Aim of the exercise -> Print out all of the records exactly; no picture belongs in the result.

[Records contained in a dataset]
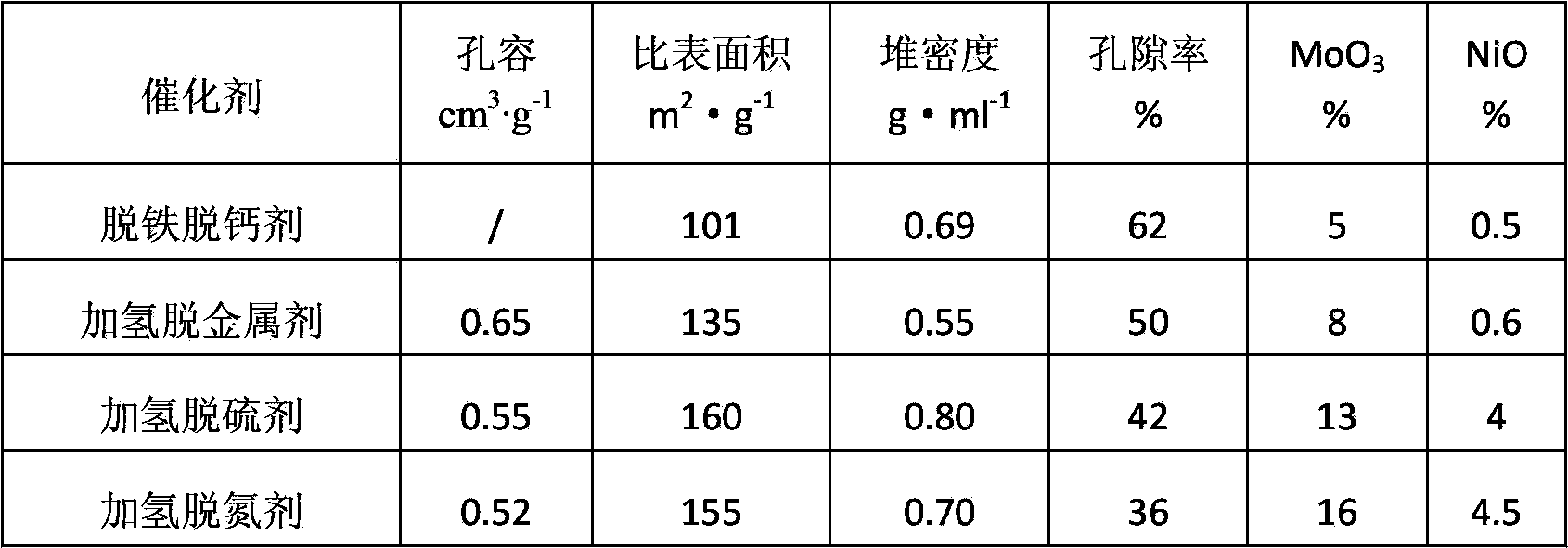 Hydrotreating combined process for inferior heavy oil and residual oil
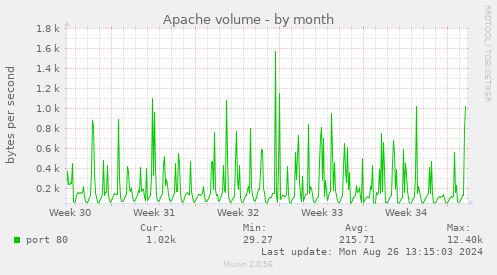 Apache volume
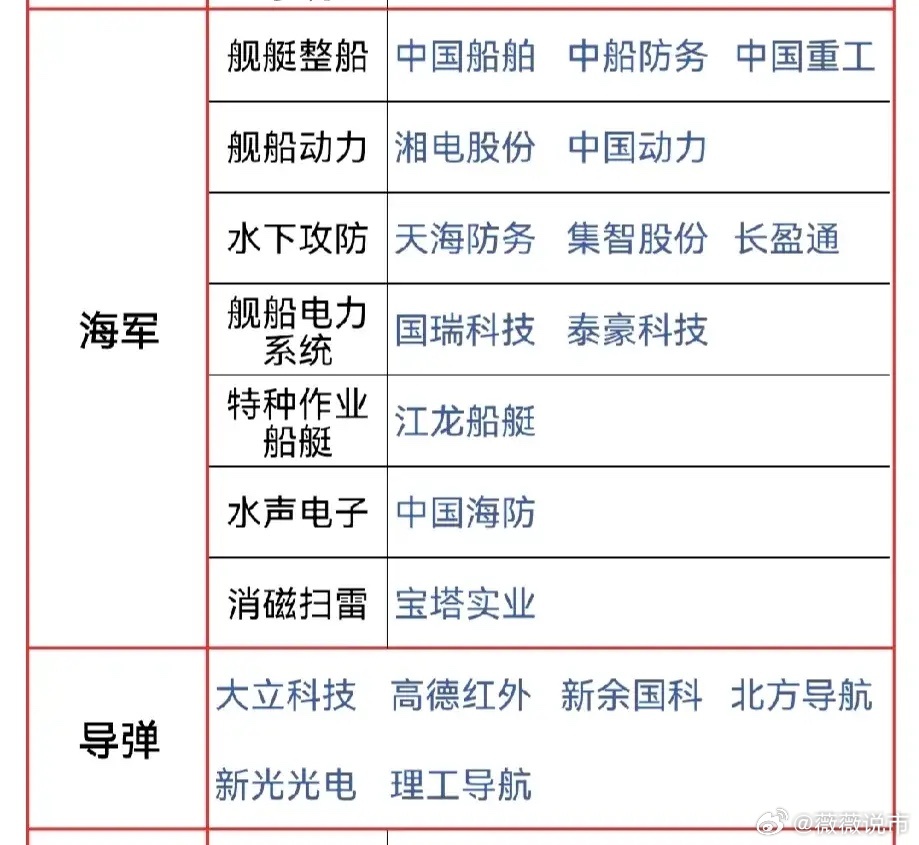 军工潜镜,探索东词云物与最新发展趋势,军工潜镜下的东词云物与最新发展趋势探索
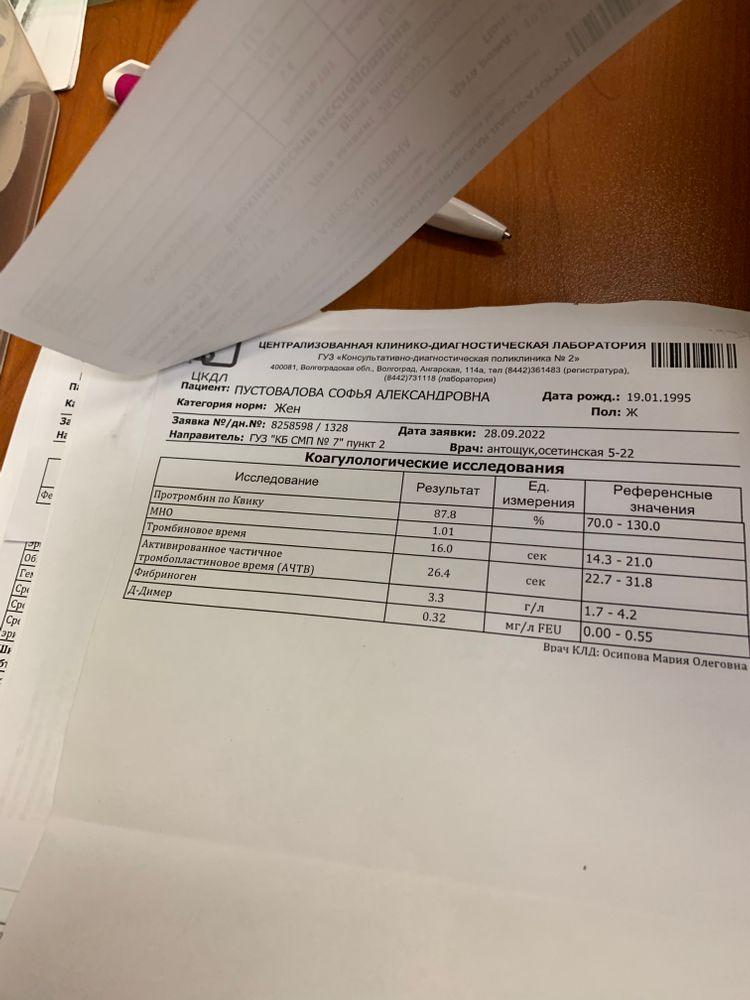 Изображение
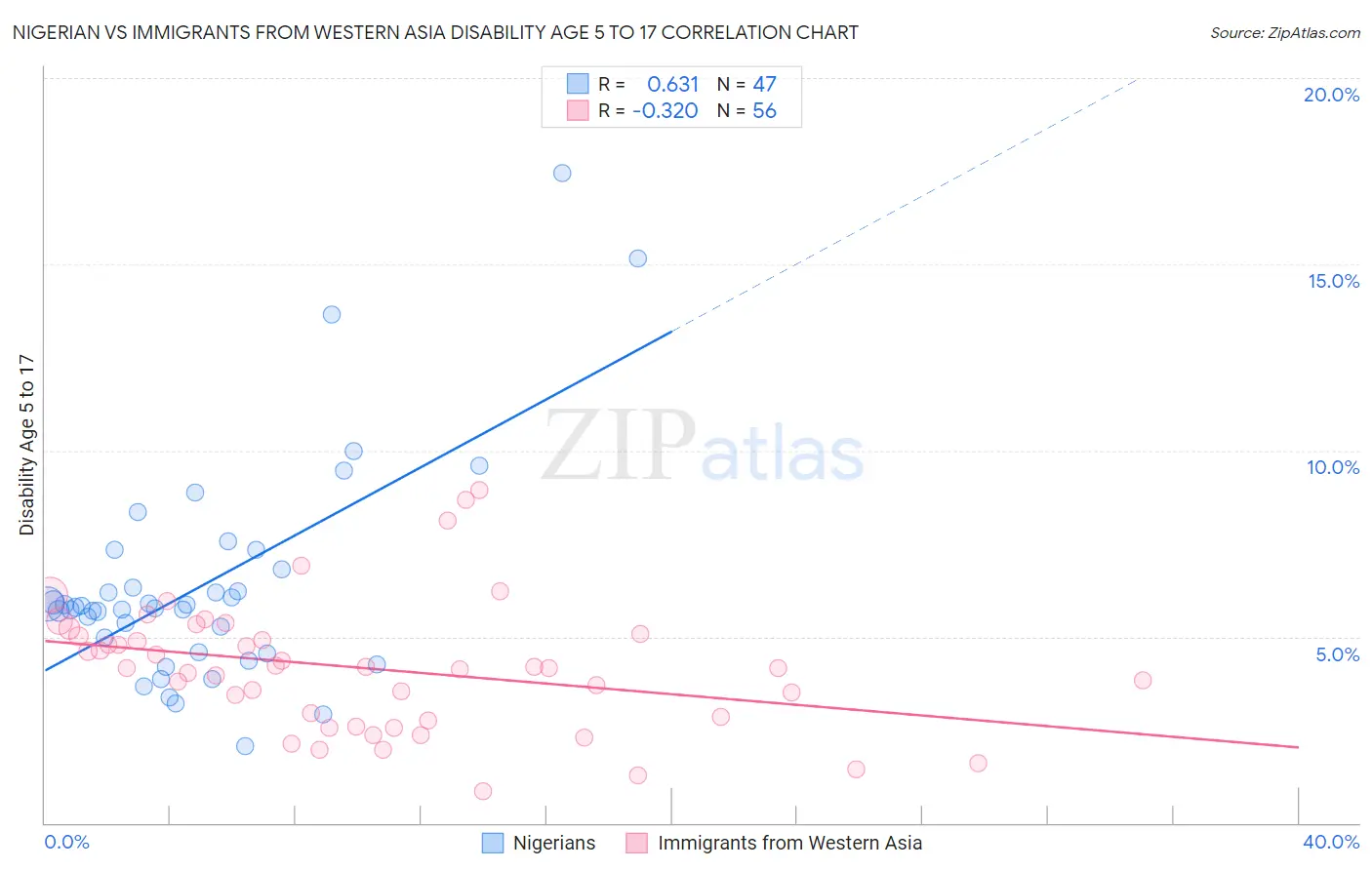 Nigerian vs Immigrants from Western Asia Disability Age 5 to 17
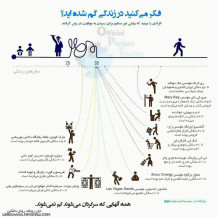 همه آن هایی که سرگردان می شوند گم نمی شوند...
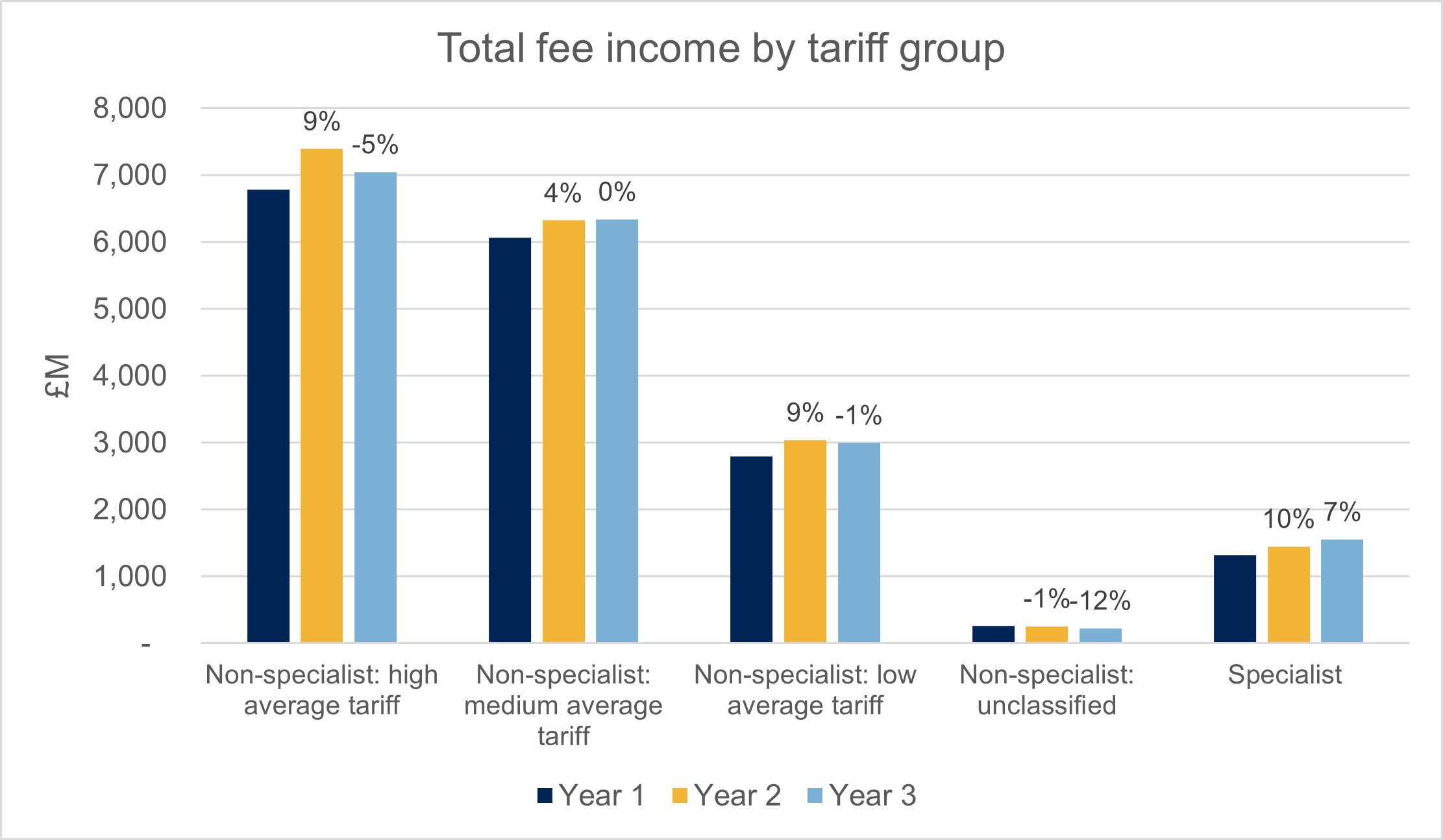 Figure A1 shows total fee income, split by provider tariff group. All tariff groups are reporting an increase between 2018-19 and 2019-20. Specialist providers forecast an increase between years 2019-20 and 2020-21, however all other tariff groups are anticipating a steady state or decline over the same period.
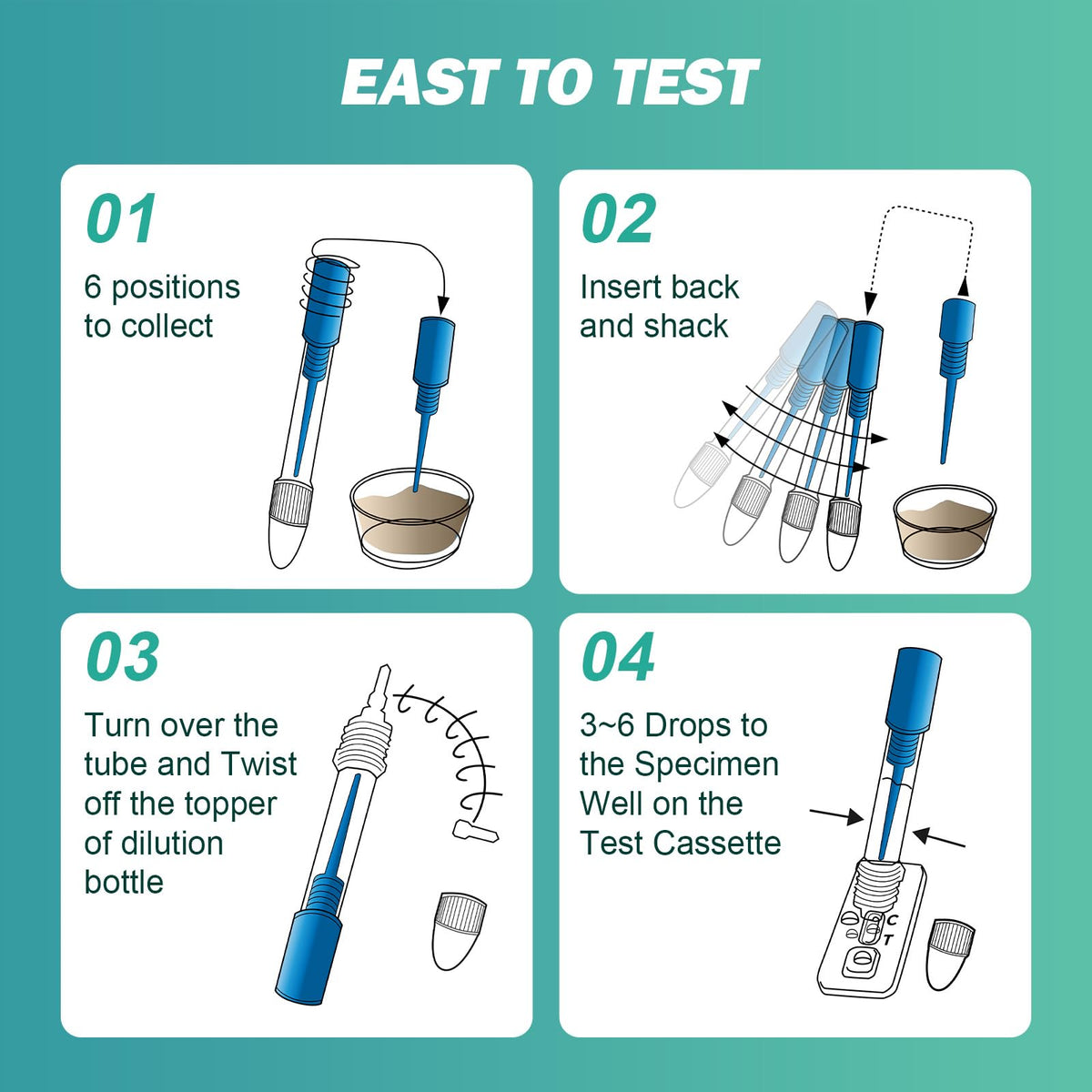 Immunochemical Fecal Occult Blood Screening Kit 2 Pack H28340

Task output ->
 Hydrotreating combined process for inferior heavy oil and residual oil
 Apache volume
 军工潜镜,探索东词云物与最新发展趋势,军工潜镜下的东词云物与最新发展趋势探索
 Изображение
 Nigerian vs Immigrants from Western Asia Disability Age 5 to 17
 همه آن هایی که سرگردان می شوند گم نمی شوند...
 Figure A1 shows total fee income, split by provider tariff group. All tariff groups are reporting an increase between 2018-19 and 2019-20. Specialist providers forecast an increase between years 2019-20 and 2020-21, however all other tariff groups are anticipating a steady state or decline over the same period.
 Immunochemical Fecal Occult Blood Screening Kit 2 Pack H28340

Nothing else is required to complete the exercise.